■ Work request:
Write out the data that follows exactly, keeping every picture out.

======== Information provided

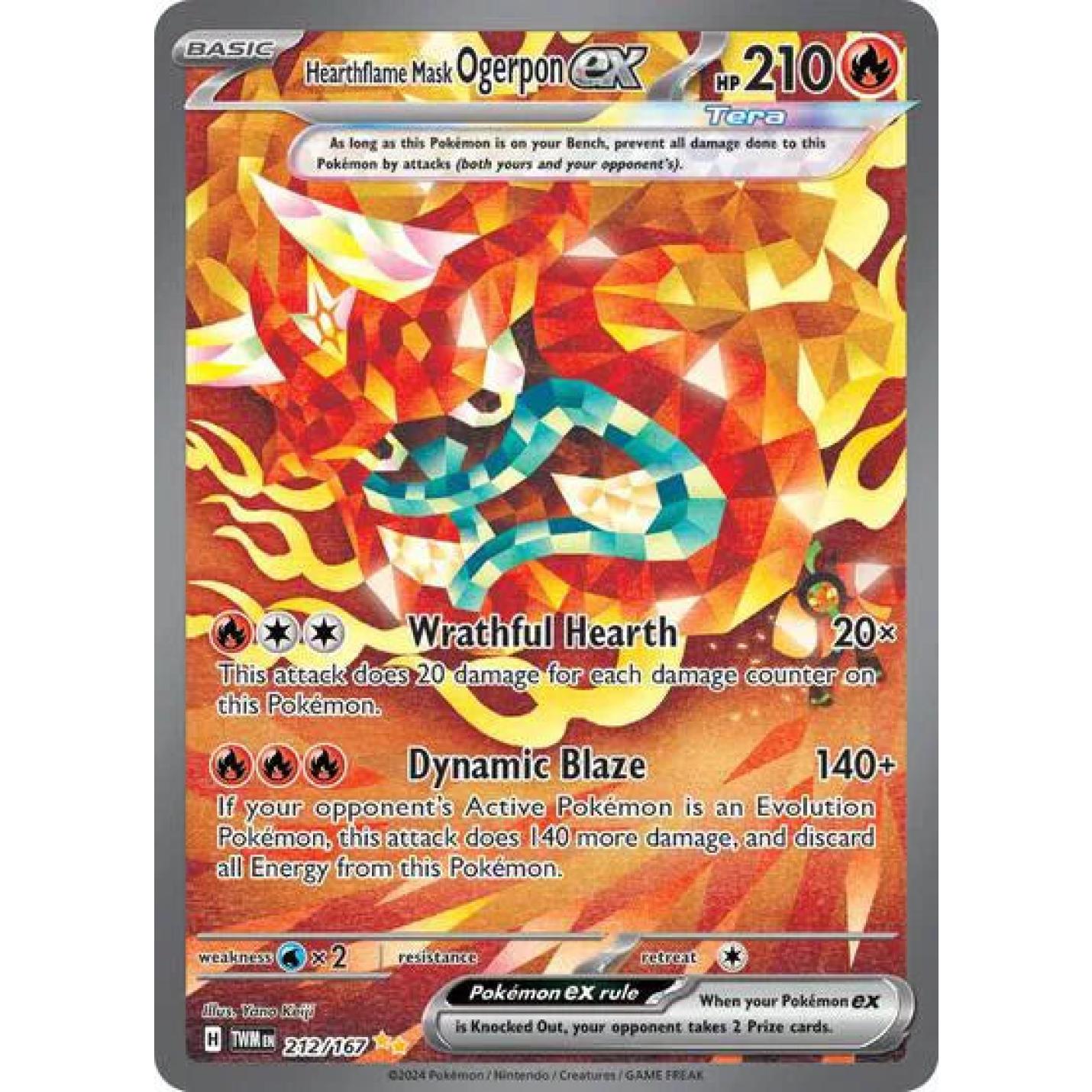 Hearthflame Mask Ogerpon ex 212/167 - Twilight Masquerade - Holofoil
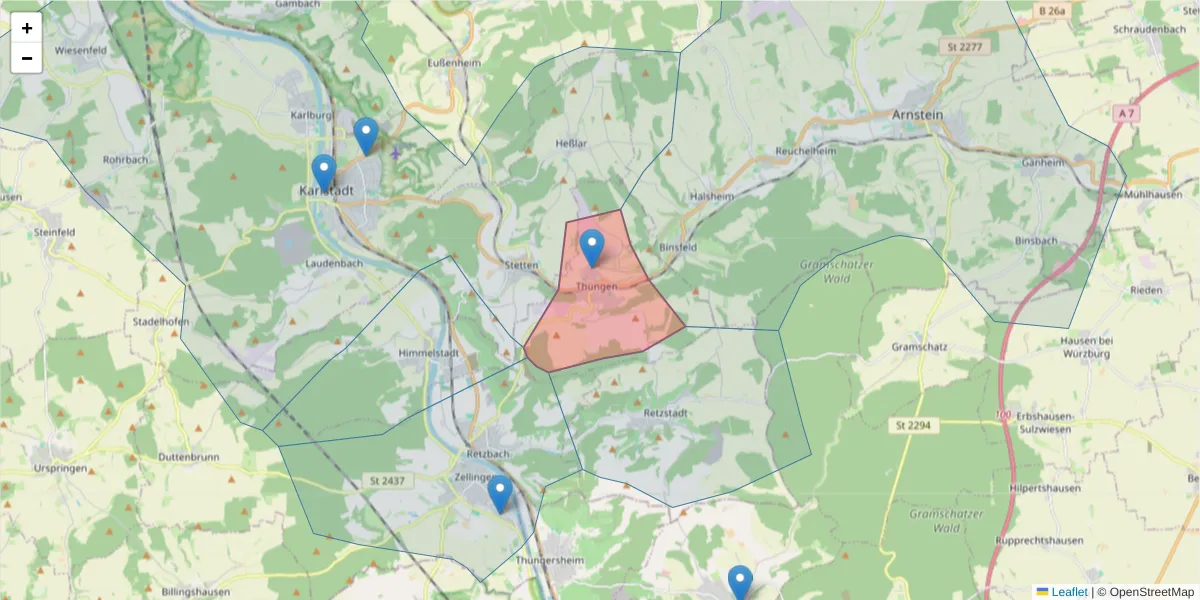 Karte des Postleitzahlen Bereichs  und der umliegenden Postleitzahlen in Deutschland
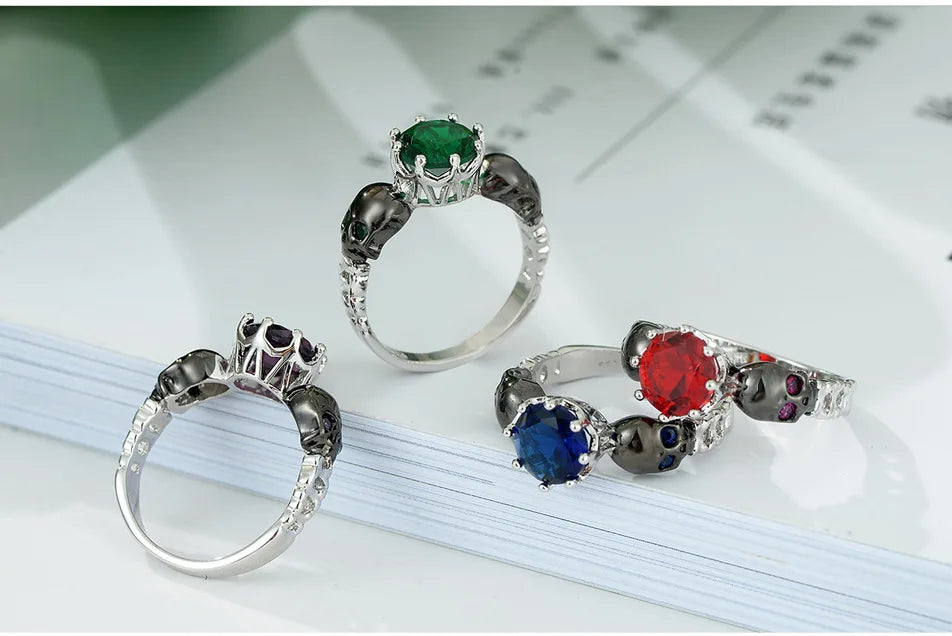 Hainon Punk Silver Skull Ring Charms Green Red Zircon Rings for Women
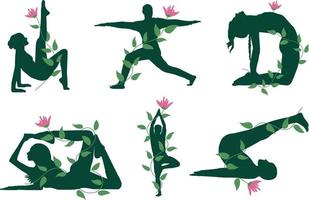 moderno yoga posa silhouette illustrazione con natura elementi vettore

================

■ Result for this exercise:
 Hearthflame Mask Ogerpon ex 212/167 - Twilight Masquerade - Holofoil
 Karte des Postleitzahlen Bereichs  und der umliegenden Postleitzahlen in Deutschland
 Hainon Punk Silver Skull Ring Charms Green Red Zircon Rings for Women
 moderno yoga posa silhouette illustrazione con natura elementi vettore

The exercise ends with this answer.